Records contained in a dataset
"""

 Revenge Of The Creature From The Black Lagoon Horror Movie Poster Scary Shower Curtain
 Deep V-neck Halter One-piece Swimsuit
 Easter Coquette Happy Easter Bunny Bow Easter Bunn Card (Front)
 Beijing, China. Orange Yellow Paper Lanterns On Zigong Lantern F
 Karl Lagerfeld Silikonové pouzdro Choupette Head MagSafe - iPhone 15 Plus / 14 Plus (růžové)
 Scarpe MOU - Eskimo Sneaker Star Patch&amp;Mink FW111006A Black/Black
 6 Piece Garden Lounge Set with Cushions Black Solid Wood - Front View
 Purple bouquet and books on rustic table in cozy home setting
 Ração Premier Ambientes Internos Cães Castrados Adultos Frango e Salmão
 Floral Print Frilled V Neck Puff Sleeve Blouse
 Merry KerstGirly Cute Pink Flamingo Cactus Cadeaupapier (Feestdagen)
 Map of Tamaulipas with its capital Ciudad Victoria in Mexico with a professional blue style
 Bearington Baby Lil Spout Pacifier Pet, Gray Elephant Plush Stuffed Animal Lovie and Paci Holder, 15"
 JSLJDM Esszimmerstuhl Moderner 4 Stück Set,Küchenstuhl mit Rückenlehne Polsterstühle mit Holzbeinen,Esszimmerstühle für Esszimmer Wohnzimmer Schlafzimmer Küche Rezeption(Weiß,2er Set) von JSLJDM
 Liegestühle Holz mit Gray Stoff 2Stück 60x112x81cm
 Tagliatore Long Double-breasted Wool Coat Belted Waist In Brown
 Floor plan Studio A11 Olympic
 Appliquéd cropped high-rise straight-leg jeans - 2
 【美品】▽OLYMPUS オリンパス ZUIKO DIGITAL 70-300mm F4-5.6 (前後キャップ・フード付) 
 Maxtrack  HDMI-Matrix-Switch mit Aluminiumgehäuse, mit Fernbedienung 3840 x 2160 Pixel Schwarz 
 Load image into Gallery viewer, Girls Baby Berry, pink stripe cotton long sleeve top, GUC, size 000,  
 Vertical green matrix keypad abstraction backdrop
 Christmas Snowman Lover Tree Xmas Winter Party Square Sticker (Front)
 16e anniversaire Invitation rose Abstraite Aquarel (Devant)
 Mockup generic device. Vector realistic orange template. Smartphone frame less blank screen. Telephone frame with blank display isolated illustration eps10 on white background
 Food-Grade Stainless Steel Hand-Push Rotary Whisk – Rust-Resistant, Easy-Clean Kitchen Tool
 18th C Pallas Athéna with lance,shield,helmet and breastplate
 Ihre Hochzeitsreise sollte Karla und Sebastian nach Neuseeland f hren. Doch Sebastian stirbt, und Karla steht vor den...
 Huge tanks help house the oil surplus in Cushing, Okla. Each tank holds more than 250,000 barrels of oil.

"""

Leave out every line above except those from the line with "6 Piece Garden" up to and including the line with "Bearington Baby Lil", and copy those exactly.

### RESPONSE TO THIS EXERCISE
 6 Piece Garden Lounge Set with Cushions Black Solid Wood - Front View
 Purple bouquet and books on rustic table in cozy home setting
 Ração Premier Ambientes Internos Cães Castrados Adultos Frango e Salmão
 Floral Print Frilled V Neck Puff Sleeve Blouse
 Merry KerstGirly Cute Pink Flamingo Cactus Cadeaupapier (Feestdagen)
 Map of Tamaulipas with its capital Ciudad Victoria in Mexico with a professional blue style
 Bearington Baby Lil Spout Pacifier Pet, Gray Elephant Plush Stuffed Animal Lovie and Paci Holder, 15"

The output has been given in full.